It may be possible to create a fake certificate for a fake ROA. However, to do that requires a lot of steps to go right. First, the RSA private key needs to be derived from the public key. The quantum computer physics exists to do it. However, the known technology is massively behind and may never materialize. OTOH, it is a wide open field and someone may find a way to create enough qubits and entangle them all and keep them stable long enough to perform the calculation tomorrow. People have been trying for several years, so this is extremely unlikely. Second, relying parties need to be convinced/tricked into downloading the fake certificates. Since each certificate contains the publication points of its child certificates, the certs are chained together. The route to a publication point needs to be hacked to cause relying parties to access the fake publication point. A point was made that encrypted data can be captured and stored and then be decrypted later once the technology becomes available. This possibility is not useful for creating fake ROA certs. Therefore quantum resistant certificates will not be needed in advance of the development of quantum certificate crackers. Regards, Jakob. -----Original Message----- Date: Sat, 30 Oct 2021 19:57:25 -0500 From: "J. Hellenthal" <jhellenthal@dataix.net> He answered it completely. "You" worried about interception of RPKI exchange over the wire are failing to see that there is nothing there important to decrypt because the encryption in the transmission is not there ! And yet you've failed to even follow up to his question... "What's your point regarding your message? ROV does not use (nor needs) encryption." So maybe you could give some context on that so someone can steer you out of the wrong direction. -- J. Hellenthal The fact that there's a highway to Hell but only a stairway to Heaven says a lot about anticipated traffic volume.
On Oct 30, 2021, at 10:31, A Crisan <alina.florar@gmail.com> wrote:
? Hi Matthew,
Quantum computing exists as POCs, IBM being one of those advertising them and announced to extend their project.
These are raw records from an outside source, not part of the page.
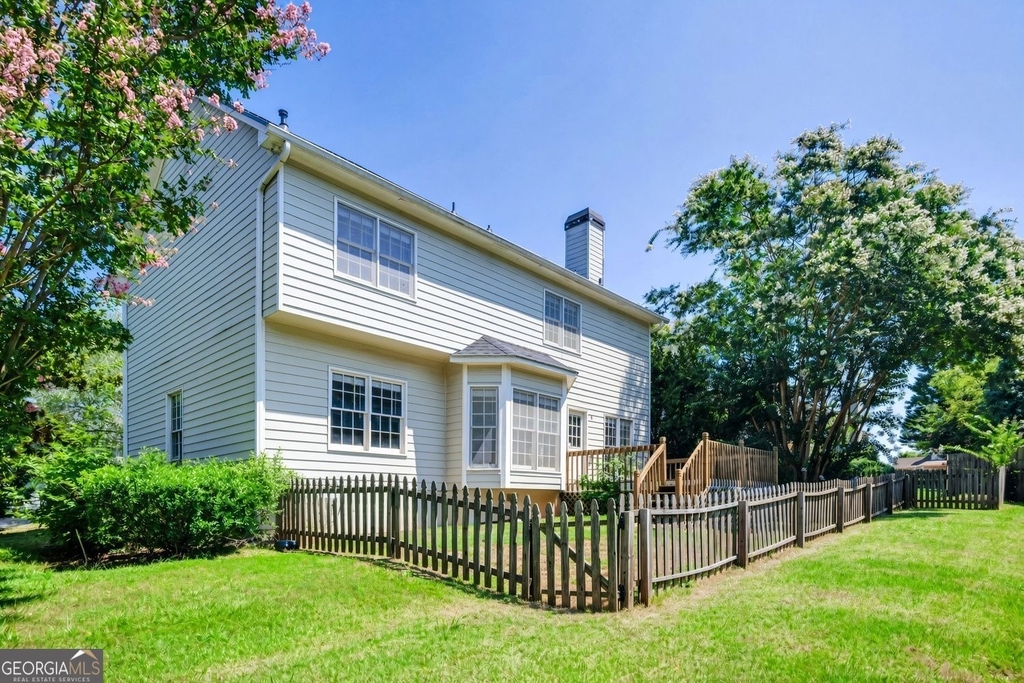 105 Celia Court - Photo 12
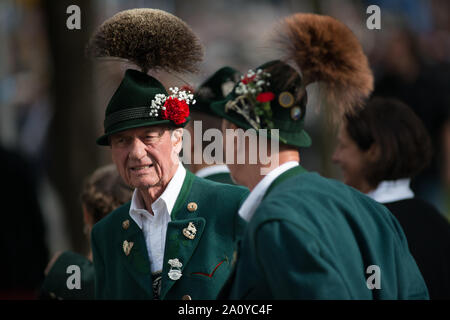 Bayerischer Traditionshut, gesehen vor der Kostümparade anlässlich des Oktoberfestes in München Stockfoto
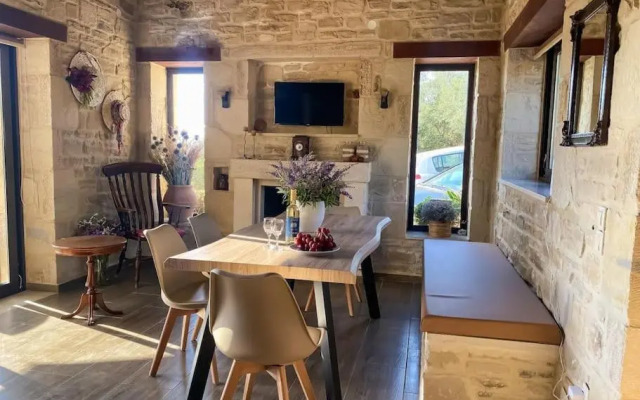 Olive Land - Γη Της Ελιας / Stone Villa.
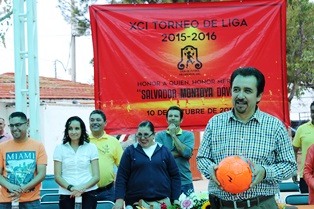 Inaugura Miguel Torres torneo de futbol local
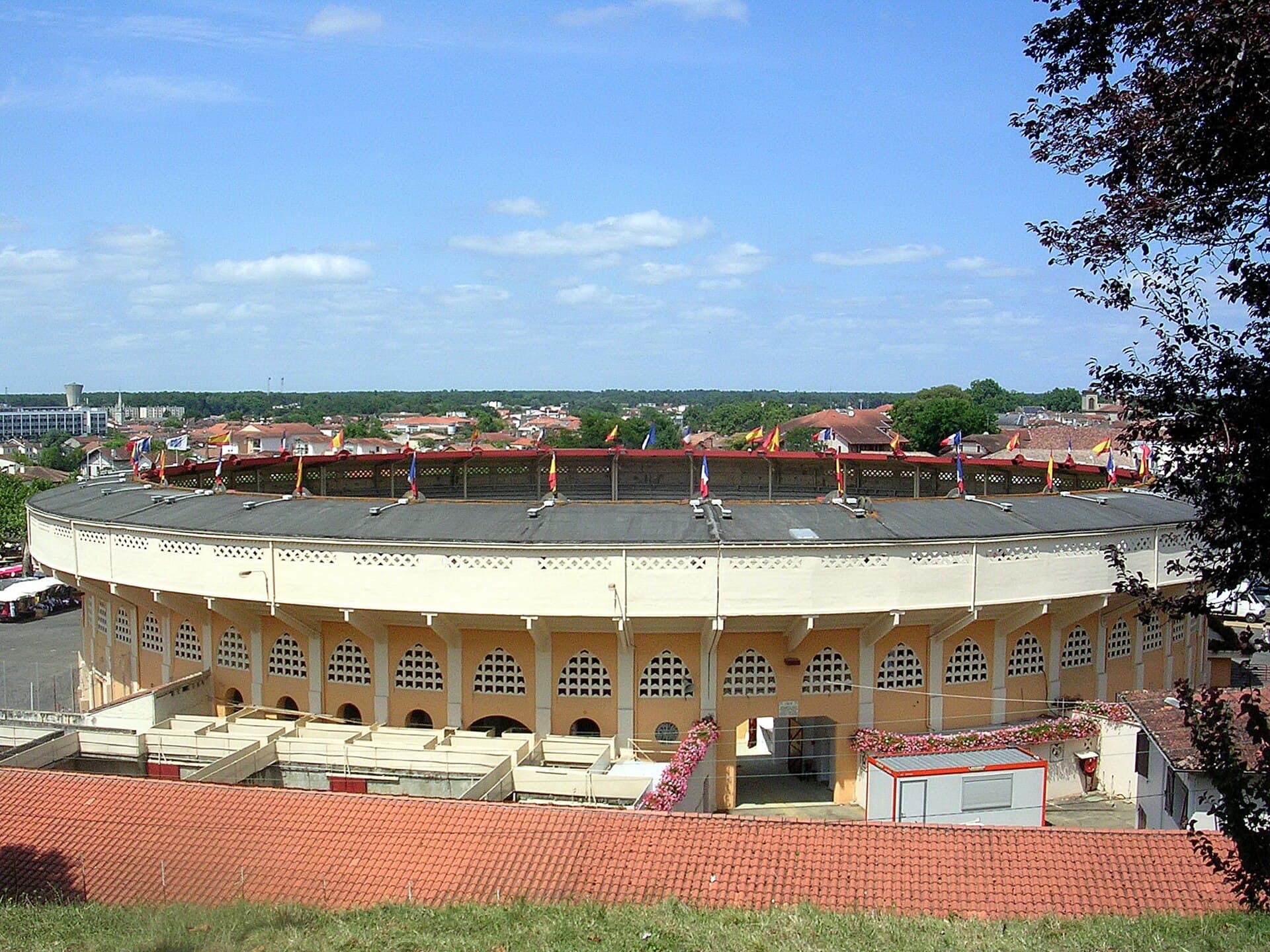 Arènes du Plumaçon, Mont-de-Marsan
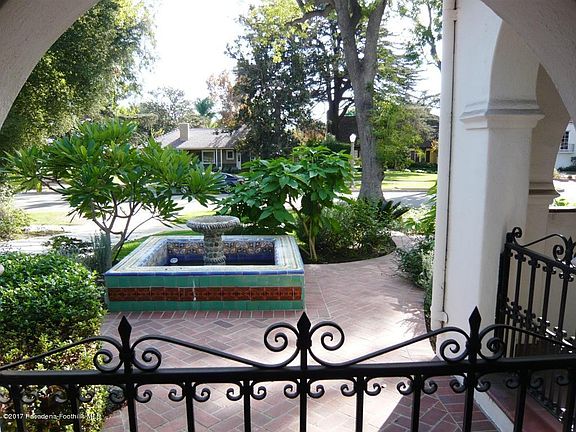 4th image of 2187 Melville Dr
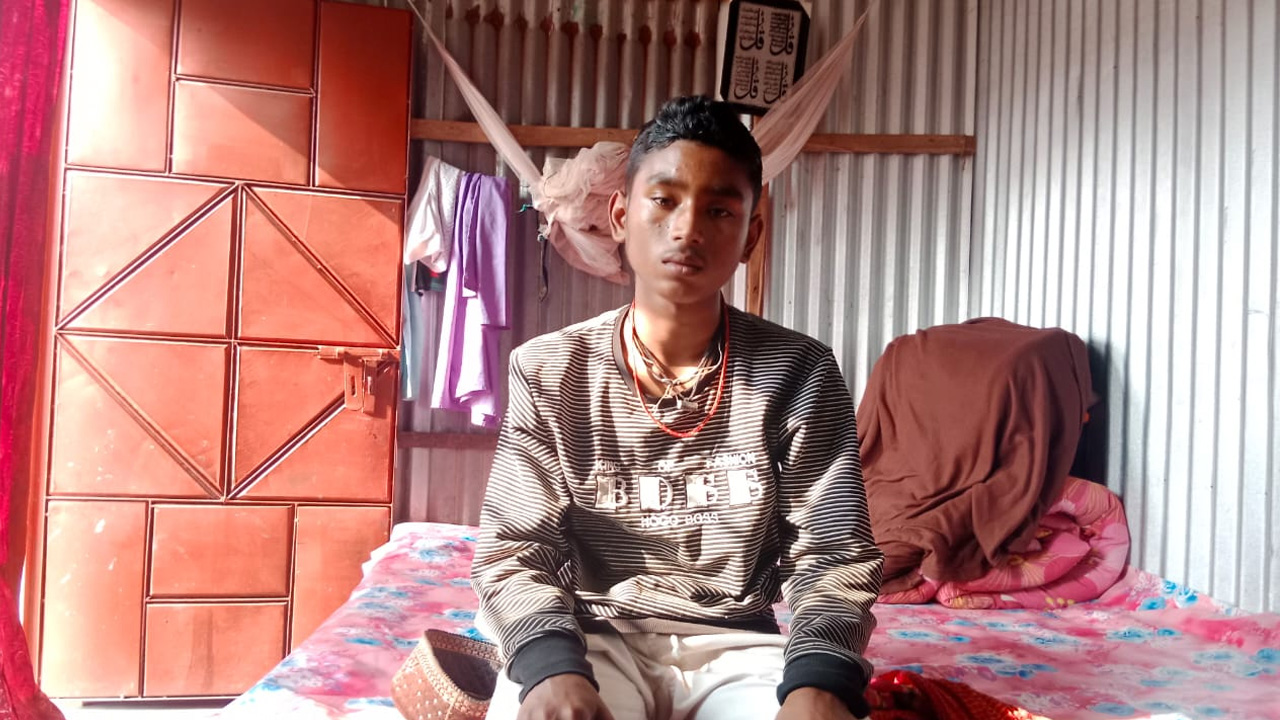 বৈষম্যবিরোধী ছাত্র আন্দোলনে গুলিবিদ্ধ রায়হানকে আর্থিক সহায়তা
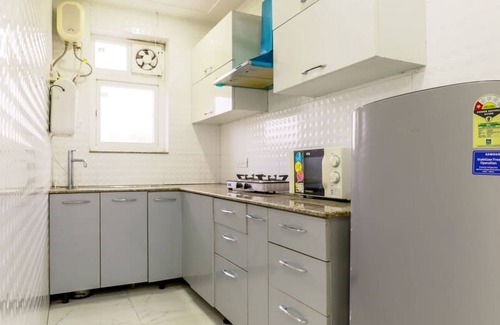 Sushant Lok Apartment | Parfait Street 2Bhk srvc apartment Horizon cnter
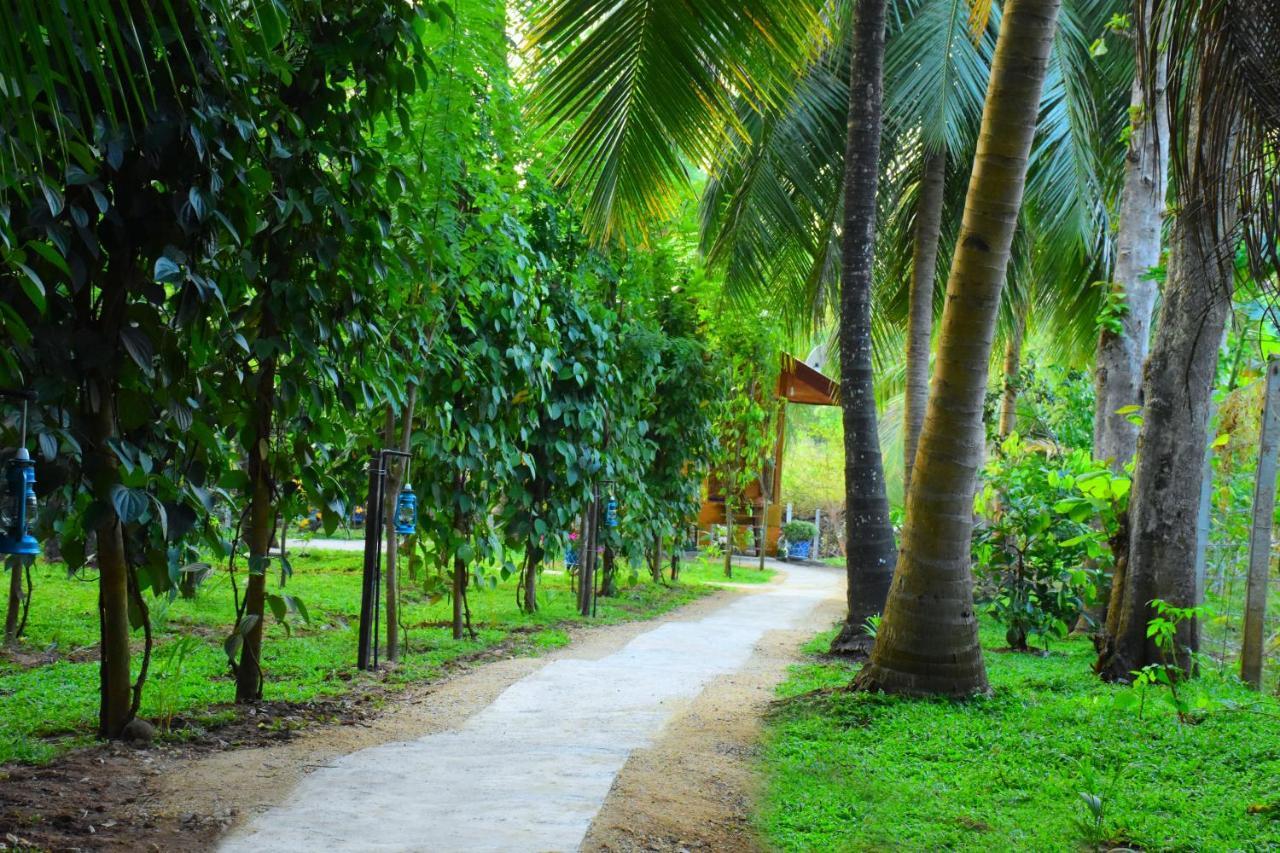 Wild Lake Side Udawalawe Exterior photo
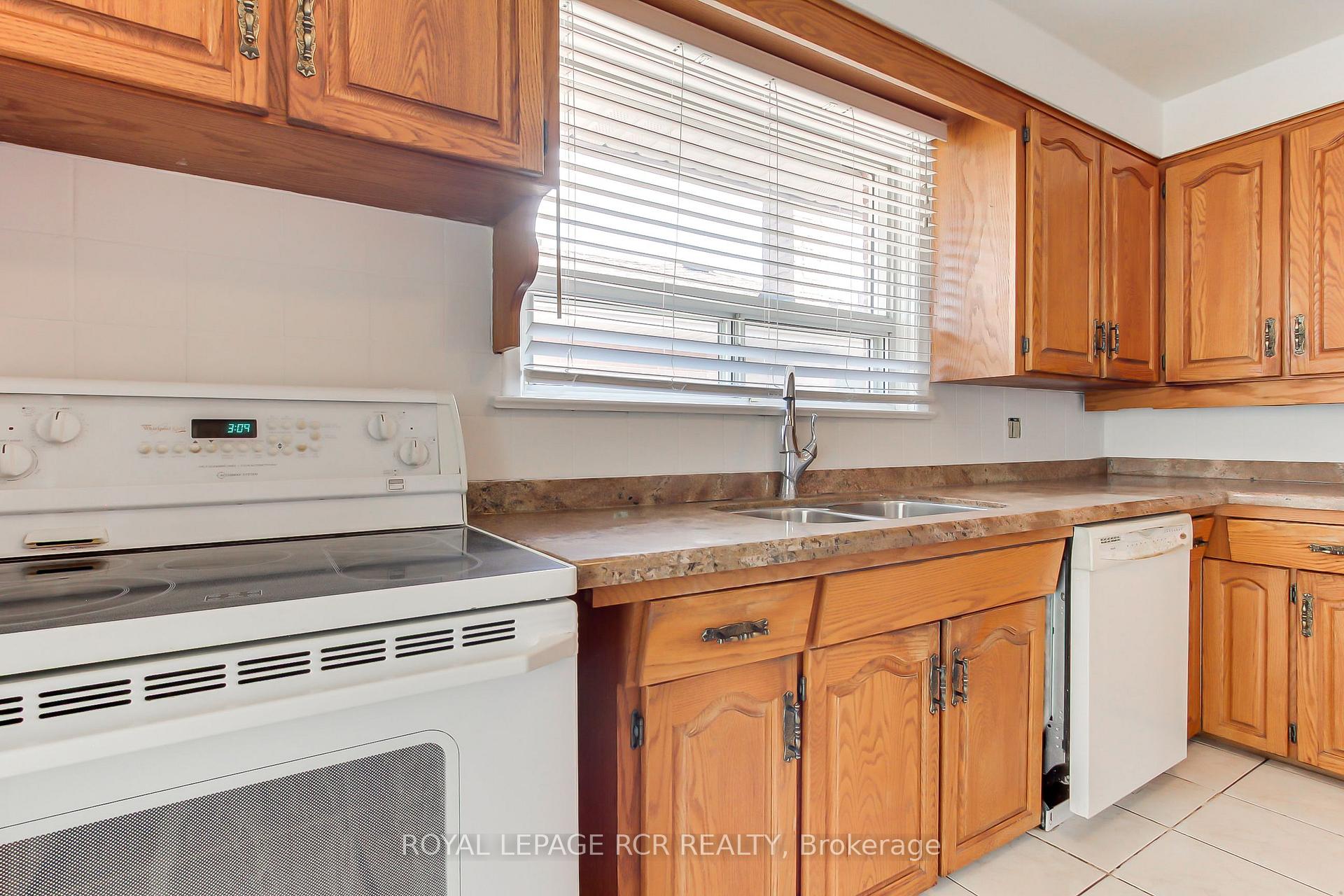 Photo 16 of 77 Alhart Drive, Etobicoke, Thistletown-Beaumonde Heights — HOMEH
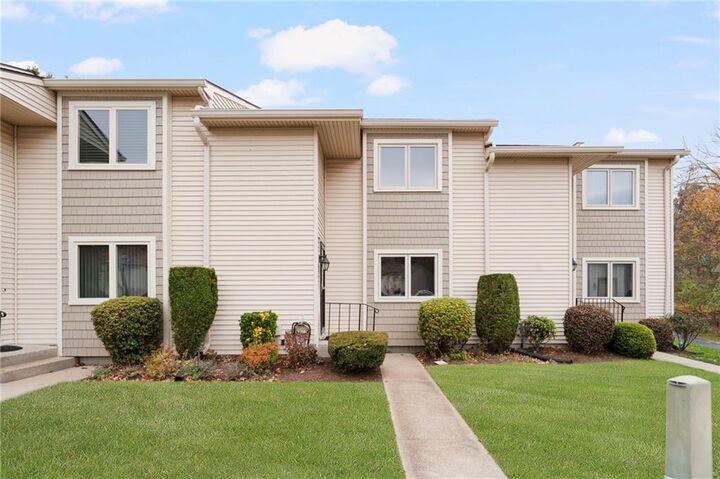 Property Photo:  500 East Greenwich Avenue 116  RI 02893 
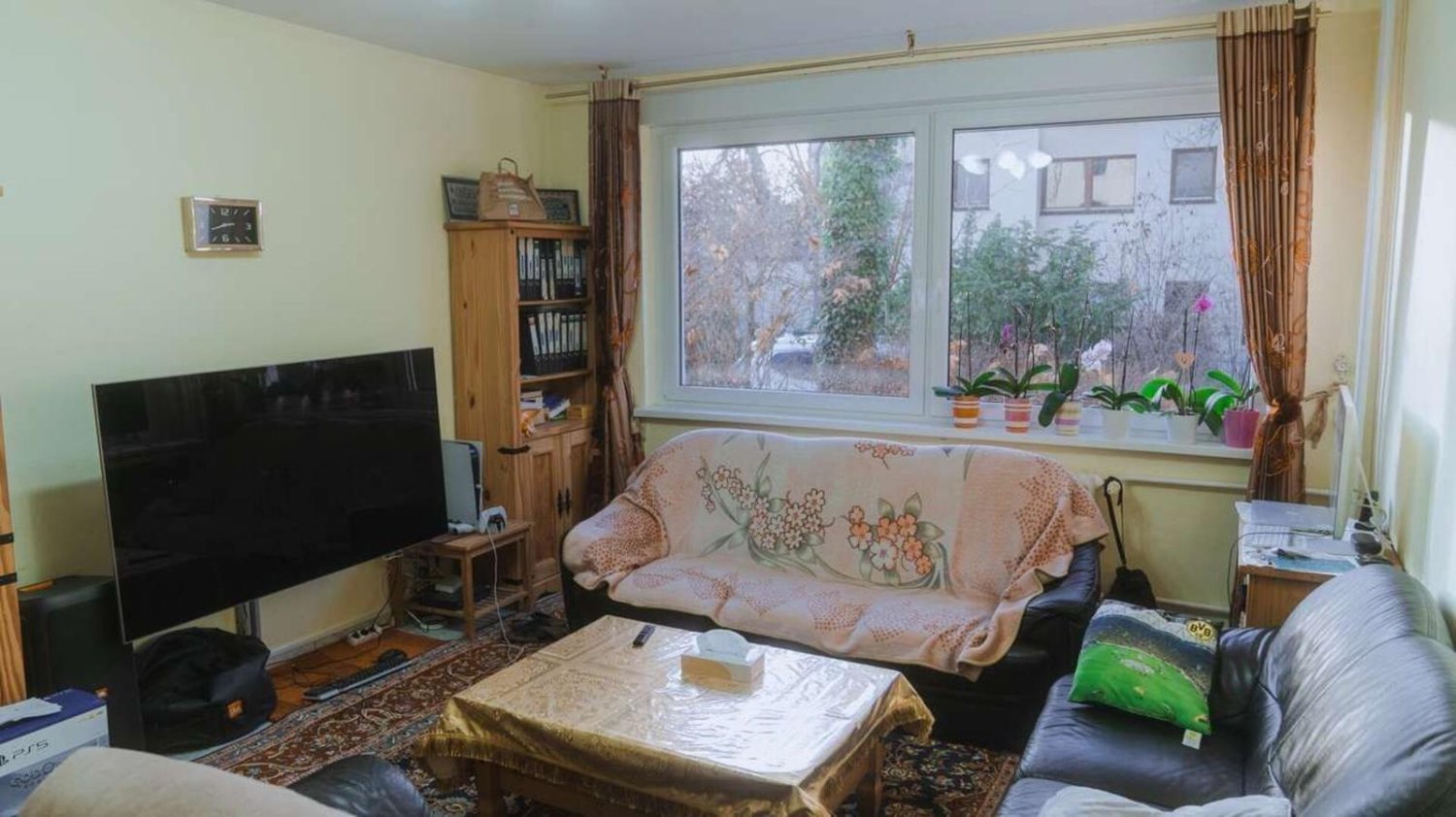 Квартира с 3 комнатами в Лихтерфельде, Германия № 30590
There are others on the market, Amazon advertised quantum computing as a service back in 2019: https://www.theverge.com/2019/12/2/20992602/amazon-is-now-offering-quantum-c.... The bottle neck of the current technology is scalability: we will not see QC as personal computing level just yet (to go in more detail, current technologies work at cryogenic temperatures, thus they are hyper expensive and not really scalable), but they exist and one could be imagine they are/will be used for various tasks.
On the other hand, you've actually commented every word of my mail, minus the stated question. Thanks.
Best Regards, Dora Crisan
On Fri, Oct 29, 2021 at 8:10 PM Matthew Walster <matthew@walster.org> wrote:
On Fri, 29 Oct 2021, 15:55 A Crisan, <alina.florar@gmail.com> wrote: Hi Matthew, I was reading the above exchange, and I do have a question linked to your last affirmation. To give you some context, the last 2021 ENISA report seem to suggest that internet traffic is "casually registered" by X actors to apply post Retrospective decryption (excerpt below). This would be at odds with your (deescalating) affirmation that hijacks are non-malicious and they are de-peered quickly, unless you pinpoint complete flux arrest only. Are there any reportings/indicators... that look into internet flux constant monitoring capabilities/capacities? Thanks.
RPKI uses authentication not confidentiality. There is no encryption taking place, other than the signatures on the certificates etc.
Excerpt from the introduction: "What makes matters worse is that any cipher text intercepted by an attacker today can be decrypted by the attacker as soon as he has access to a large quantum computer (Retrospective decryption).
Which do not exist (yet).
Analysis of Advanced Persistent Threats (APT) and Nation State capabilities,
Buzzwords.
along with whistle blowers? revelations
have shown that threat actors can and are casually recording all Internet traffic in their data centers
No they're not. It's just not possible or indeed necessary to duplicate everything at large scale. Perhaps with a large amount of filtering, certain flows would be captured, but in the days of pervasive TLS, this seems less and less worthwhile.
and that they select encrypted traffic as interesting and worth storing.This means that any data encrypted using any of the standard public-key systems today will need to be considered compromised once a quantum computer exists and there is no way to protect it retroactively, because a copy of the ciphertexts in the hands of the attacker. This means that data that needs to remain confidential after the arrival of quantum computers need to be encrypted with alternative means"
None of this is relevant to RPKI (ROV) at all. In fact, it reads like the fevered dreams of a cyber security research student. What's your point regarding your message? ROV does not use (nor needs) encryption.